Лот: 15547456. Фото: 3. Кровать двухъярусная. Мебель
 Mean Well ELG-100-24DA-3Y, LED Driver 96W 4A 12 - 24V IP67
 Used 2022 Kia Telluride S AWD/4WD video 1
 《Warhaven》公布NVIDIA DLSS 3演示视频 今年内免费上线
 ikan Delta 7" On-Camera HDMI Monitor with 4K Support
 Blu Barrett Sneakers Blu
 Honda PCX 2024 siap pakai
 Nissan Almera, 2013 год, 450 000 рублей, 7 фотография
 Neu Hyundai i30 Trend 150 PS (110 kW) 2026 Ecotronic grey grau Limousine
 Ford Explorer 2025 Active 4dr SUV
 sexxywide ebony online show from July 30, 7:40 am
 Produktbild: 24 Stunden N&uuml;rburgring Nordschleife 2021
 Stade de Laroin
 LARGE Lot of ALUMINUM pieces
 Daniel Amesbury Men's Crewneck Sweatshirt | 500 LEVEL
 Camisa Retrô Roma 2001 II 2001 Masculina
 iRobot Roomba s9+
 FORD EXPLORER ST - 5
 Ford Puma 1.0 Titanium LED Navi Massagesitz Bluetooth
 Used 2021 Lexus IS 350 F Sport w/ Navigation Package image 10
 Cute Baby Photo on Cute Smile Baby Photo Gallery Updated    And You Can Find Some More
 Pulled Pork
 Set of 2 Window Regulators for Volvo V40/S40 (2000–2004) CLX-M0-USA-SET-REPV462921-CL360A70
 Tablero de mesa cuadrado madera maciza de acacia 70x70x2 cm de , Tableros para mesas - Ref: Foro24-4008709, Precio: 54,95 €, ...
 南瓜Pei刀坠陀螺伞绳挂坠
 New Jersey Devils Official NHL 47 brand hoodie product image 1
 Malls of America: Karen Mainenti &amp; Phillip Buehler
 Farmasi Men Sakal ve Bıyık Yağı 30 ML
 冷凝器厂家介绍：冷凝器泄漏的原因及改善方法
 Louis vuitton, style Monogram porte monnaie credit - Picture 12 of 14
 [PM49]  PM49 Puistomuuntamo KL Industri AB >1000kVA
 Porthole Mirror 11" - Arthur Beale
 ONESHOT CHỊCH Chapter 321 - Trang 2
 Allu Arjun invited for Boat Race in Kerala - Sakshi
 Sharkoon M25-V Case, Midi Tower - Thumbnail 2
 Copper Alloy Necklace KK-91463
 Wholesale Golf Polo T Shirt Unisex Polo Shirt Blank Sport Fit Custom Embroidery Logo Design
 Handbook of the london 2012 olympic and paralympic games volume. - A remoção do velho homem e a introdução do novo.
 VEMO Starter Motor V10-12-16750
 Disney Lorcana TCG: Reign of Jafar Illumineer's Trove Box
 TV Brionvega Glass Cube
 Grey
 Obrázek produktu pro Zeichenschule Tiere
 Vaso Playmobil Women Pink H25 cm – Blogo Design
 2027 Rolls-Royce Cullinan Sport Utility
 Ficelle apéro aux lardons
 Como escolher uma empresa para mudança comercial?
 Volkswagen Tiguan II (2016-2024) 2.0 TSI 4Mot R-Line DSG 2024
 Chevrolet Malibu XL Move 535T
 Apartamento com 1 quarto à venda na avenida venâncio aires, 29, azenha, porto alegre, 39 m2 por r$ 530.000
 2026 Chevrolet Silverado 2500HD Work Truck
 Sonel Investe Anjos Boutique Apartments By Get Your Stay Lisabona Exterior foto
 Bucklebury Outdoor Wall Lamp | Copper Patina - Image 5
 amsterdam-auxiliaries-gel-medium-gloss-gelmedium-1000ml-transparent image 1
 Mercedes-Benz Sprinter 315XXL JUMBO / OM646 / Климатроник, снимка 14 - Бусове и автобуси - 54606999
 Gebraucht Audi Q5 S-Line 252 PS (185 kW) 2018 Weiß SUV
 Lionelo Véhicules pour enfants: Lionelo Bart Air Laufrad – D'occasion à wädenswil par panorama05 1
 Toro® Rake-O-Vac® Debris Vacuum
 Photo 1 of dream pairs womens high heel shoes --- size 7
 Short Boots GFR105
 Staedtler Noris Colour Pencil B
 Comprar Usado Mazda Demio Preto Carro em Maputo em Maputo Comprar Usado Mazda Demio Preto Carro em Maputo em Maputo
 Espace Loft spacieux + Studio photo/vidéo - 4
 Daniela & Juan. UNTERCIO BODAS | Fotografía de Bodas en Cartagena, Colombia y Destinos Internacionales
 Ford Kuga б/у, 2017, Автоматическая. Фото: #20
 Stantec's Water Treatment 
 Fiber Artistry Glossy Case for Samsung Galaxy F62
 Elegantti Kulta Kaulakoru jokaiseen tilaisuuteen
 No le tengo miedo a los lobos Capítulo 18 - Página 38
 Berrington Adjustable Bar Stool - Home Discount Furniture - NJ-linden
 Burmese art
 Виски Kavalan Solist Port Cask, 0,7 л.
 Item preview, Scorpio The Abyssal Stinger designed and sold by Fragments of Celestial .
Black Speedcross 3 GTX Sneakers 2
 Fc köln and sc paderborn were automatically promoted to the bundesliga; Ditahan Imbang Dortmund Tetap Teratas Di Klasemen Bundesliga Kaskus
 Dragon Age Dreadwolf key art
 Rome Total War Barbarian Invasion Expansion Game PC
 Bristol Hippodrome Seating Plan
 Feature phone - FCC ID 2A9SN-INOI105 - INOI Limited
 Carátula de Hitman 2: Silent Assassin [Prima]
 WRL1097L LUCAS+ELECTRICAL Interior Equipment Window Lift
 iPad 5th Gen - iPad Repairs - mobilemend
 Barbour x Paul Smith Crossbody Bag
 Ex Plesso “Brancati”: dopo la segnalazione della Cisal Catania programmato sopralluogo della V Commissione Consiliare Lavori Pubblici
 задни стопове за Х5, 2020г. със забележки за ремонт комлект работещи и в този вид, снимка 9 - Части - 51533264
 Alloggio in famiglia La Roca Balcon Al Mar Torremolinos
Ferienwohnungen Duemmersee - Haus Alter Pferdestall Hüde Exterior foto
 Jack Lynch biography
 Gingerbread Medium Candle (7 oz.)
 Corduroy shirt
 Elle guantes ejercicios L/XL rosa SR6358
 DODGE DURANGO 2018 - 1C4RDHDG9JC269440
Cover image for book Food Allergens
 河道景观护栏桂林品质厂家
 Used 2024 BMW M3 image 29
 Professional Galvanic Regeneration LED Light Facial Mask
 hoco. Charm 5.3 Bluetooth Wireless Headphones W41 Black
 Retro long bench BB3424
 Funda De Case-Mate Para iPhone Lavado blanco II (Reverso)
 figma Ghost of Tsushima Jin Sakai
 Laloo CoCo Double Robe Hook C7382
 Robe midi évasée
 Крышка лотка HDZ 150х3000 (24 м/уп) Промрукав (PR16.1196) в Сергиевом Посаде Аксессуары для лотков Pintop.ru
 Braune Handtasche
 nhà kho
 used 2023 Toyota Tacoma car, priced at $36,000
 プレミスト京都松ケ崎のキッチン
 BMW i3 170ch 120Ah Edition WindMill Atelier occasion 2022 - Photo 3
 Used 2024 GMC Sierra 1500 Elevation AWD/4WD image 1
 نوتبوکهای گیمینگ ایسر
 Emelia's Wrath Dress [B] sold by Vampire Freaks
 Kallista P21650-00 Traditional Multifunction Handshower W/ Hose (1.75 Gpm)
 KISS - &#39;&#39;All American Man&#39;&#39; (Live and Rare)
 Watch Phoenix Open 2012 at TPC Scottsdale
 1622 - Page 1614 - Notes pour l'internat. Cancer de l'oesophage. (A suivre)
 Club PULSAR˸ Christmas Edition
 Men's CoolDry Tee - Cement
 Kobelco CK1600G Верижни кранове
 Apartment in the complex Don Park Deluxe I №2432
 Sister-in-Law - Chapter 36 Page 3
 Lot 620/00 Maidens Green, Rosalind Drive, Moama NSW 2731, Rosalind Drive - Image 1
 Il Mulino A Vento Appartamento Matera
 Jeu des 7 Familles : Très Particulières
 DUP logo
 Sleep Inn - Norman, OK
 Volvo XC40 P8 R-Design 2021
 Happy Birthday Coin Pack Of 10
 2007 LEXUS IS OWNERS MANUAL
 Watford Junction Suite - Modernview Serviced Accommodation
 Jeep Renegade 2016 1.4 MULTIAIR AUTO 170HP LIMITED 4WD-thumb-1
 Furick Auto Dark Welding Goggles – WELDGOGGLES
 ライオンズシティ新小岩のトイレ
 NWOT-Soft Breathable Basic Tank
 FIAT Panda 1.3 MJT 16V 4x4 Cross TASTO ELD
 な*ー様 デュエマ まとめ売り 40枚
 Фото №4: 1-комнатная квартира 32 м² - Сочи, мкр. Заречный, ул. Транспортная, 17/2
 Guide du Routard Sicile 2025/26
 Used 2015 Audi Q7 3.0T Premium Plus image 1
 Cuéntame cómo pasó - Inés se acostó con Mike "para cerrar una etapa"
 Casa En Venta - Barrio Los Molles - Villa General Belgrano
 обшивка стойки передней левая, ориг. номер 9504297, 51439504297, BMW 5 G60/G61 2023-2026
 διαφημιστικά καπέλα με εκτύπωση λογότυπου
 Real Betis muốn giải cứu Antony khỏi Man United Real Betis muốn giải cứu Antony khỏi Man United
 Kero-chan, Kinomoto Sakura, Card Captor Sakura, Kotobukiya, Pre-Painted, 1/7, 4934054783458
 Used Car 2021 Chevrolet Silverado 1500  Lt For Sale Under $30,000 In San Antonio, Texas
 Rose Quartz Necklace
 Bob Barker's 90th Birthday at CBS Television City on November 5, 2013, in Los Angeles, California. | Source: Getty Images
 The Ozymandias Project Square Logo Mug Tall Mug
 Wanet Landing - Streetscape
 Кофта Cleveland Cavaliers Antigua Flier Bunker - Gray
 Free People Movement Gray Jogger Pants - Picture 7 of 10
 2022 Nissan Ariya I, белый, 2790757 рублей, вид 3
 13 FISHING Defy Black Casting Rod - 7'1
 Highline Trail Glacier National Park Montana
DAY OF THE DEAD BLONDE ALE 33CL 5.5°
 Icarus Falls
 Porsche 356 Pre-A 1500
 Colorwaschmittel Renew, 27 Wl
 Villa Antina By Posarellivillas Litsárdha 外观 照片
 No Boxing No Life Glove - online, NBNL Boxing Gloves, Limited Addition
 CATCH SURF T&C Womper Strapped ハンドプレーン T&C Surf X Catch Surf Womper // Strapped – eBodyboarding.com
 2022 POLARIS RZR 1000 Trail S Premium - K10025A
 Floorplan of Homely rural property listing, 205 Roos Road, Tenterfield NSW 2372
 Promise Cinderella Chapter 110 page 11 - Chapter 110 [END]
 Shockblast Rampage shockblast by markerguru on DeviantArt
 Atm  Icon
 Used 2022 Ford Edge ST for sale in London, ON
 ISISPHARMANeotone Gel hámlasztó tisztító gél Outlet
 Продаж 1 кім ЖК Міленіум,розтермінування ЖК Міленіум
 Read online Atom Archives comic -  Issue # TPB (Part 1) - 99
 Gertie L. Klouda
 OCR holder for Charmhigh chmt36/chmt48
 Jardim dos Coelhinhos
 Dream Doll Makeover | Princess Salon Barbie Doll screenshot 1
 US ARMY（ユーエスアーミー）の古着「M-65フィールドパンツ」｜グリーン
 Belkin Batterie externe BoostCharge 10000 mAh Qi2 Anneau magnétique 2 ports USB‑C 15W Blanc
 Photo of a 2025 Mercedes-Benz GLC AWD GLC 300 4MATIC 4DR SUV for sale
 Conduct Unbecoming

TASK PROMPT: Among the records above, extract exactly the lines from the line with "iPad 5th Gen - iPad Repairs - mobilemend" to the line with "задни стопове за", both lines included, and leave out the rest.

RESULT OF THE TASK:
 iPad 5th Gen - iPad Repairs - mobilemend
 Barbour x Paul Smith Crossbody Bag
 Ex Plesso “Brancati”: dopo la segnalazione della Cisal Catania programmato sopralluogo della V Commissione Consiliare Lavori Pubblici
 задни стопове за Х5, 2020г. със забележки за ремонт комлект работещи и в този вид, снимка 9 - Части - 51533264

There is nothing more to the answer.